BRIDGEPORT — The city has been ordered to rehire a veteran city police officer fired because of his arrest in 2016 on charges of assaulting a man at a Fairfield motel and then driving drunk.

*Related Stories*






 Cop fired over assault arrest 
 Cop charged with assault, DUI remains on payroll 
 City pays settlements in police brutality cases 
An arbitrator ruled Chief Armando Perez did not have just cause when he fired Omar Jimenez last March.
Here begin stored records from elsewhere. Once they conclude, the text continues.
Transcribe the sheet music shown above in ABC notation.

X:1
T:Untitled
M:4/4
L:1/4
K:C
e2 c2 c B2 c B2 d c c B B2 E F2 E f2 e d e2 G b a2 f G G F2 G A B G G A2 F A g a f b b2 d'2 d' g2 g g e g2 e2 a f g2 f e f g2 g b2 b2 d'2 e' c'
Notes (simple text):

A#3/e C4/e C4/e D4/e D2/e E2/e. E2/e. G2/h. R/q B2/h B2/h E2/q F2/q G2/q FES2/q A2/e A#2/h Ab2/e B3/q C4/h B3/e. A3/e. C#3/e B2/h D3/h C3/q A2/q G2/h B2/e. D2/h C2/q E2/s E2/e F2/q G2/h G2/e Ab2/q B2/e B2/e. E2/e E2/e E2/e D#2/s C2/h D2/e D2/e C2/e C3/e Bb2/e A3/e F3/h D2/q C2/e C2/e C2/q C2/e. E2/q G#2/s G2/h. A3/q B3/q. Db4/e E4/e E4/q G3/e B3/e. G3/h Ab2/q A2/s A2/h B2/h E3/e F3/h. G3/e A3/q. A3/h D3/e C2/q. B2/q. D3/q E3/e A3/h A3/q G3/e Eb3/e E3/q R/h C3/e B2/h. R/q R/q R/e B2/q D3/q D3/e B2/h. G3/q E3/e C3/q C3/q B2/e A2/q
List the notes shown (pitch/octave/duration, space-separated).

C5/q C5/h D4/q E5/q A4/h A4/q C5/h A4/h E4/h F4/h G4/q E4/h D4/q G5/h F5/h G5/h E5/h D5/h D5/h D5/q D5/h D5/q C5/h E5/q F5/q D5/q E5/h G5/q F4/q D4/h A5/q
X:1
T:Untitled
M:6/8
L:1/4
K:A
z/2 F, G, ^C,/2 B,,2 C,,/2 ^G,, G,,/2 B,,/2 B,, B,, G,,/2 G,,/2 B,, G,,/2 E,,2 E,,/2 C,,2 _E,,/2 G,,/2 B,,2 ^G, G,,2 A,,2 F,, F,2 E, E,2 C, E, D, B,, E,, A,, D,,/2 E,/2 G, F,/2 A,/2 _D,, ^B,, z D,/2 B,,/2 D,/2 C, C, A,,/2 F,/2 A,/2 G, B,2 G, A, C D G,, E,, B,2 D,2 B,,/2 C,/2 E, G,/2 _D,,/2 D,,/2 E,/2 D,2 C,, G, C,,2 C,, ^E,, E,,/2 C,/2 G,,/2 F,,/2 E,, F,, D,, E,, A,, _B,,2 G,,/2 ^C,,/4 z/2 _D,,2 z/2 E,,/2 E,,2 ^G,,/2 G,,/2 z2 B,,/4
The arbitrator, a member of the American Arbitration Association, said instead Perez should have suspended Jimenez for 90 days without pay.

“We are reviewing the decision and looking at our options,” said City Attorney R. Christopher Meyer.
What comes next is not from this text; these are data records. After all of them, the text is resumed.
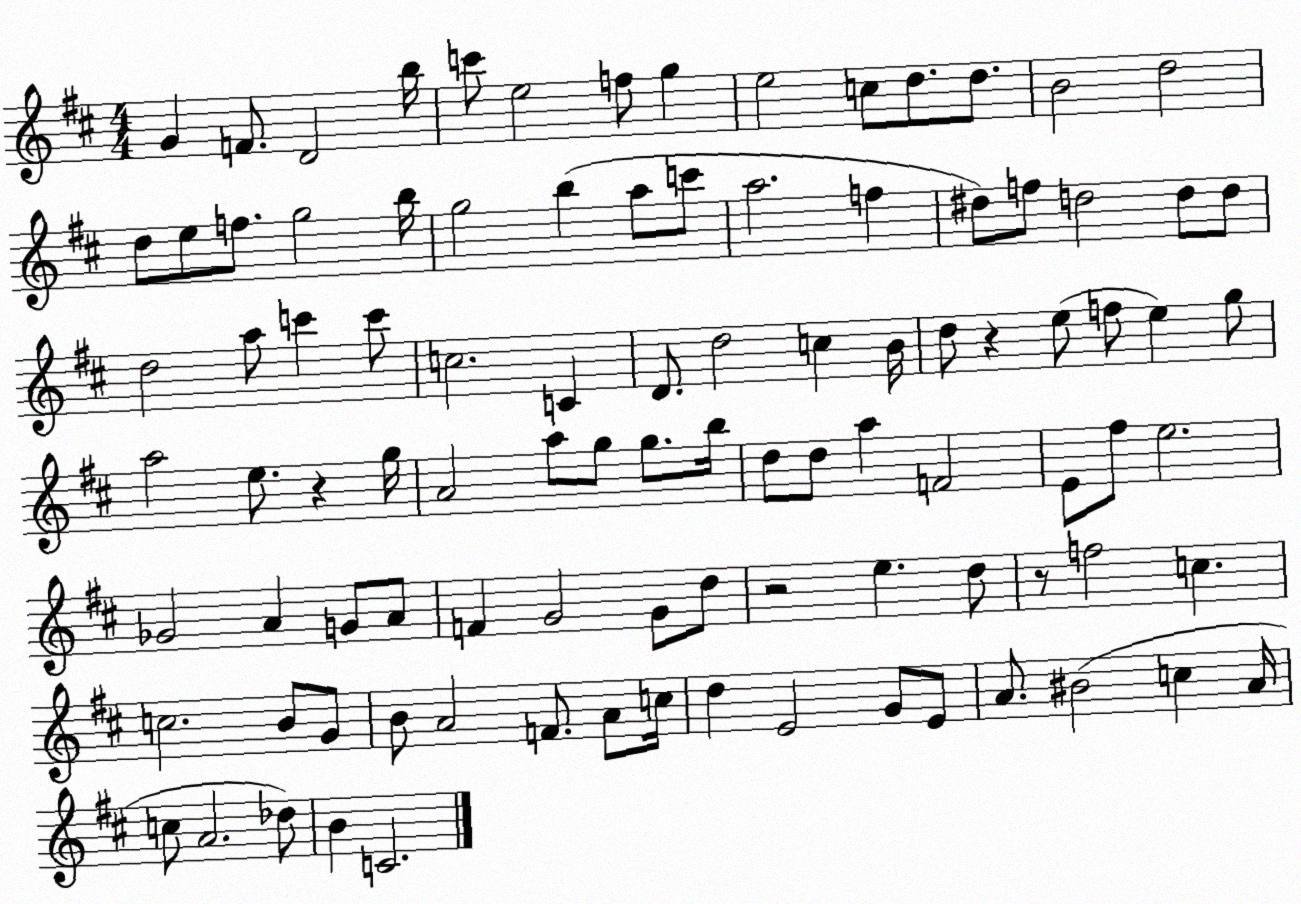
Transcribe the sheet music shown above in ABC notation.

X:1
T:Untitled
M:4/4
L:1/4
K:D
G F/2 D2 b/4 c'/2 e2 f/2 g e2 c/2 d/2 d/2 B2 d2 d/2 e/2 f/2 g2 b/4 g2 b a/2 c'/2 a2 f ^d/2 f/2 d2 d/2 d/2 d2 a/2 c' c'/2 c2 C D/2 d2 c B/4 d/2 z e/2 f/2 e g/2 a2 e/2 z g/4 A2 a/2 g/2 g/2 b/4 d/2 d/2 a F2 E/2 ^f/2 e2 _G2 A G/2 A/2 F G2 G/2 d/2 z2 e d/2 z/2 f2 c c2 B/2 G/2 B/2 A2 F/2 A/2 c/4 d E2 G/2 E/2 A/2 ^B2 c A/4 c/2 A2 _d/2 B C2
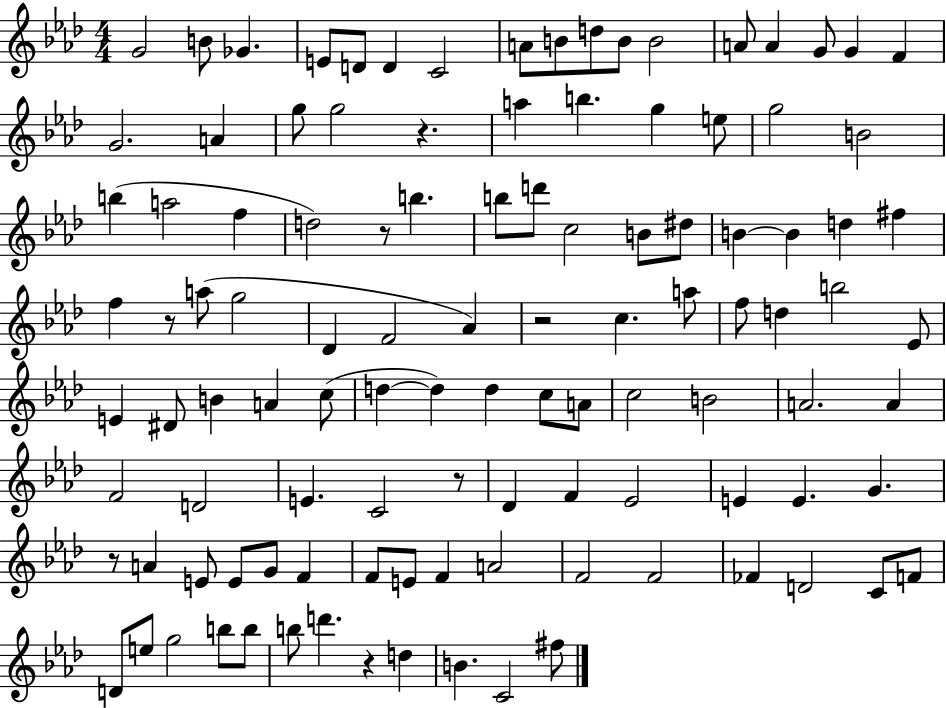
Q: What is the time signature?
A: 4/4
“This is extremely disappointing,” said Perez. “It was a serious offense in my opinion and I couldn’t justify his actions and that’s why I terminated him.”

Jimenez, 34, a 16-year veteran of the police force was fired by Perez following an investigation by the city’s Office of Internal Affairs.

Police said in the early morning of Sept. 5, 2016, Jimenez went to the Fairfield Circle Inn and punched a friend in the face during an argument. Then, driving his own car, Jimenez allegedly struck a fire hydrant at Fairfield and Courtland avenues, knocked it off its base and fled the scene, returning to the Circle Inn, police said.

Bridgeport police went to the Circle Inn and located Jimenez in the hotel parking lot. Police said Jimenez had bloodshot eyes, was unsteady on his feet and was swaying and there was an odor of alcohol. He failed field sobriety tests administered by Bridgeport officers, police said.

He was subsequently arrested by Fairfield police on the charges of second-degree assault, second-degree threatening, and disorderly conduct, and he was charged by Bridgeport police with driving under the influence, evading responsibility and failure to drive right. Police said the assault victim suffered serious eye damage.

Criminal charges were later dropped against Jimenez after he successfully completed accelerated rehabilitation, a pretrial probation program.

In 2015, Jimenez was suspended for 30 days and ordered to undergo counseling after he failed a department drug test.


----------



## discodumpling (Sep 15, 2018)

Soooo hes been a cop since hes 18 yrs old? Let's start with that part.


----------



## Transformer (Sep 16, 2018)

So it is almost impossible to fir3 a cop.  He can do drugs, drive drunk, beat up a person and he still qualifies to be a cop.


----------



## Crackers Phinn (Sep 16, 2018)

^pretty much.


----------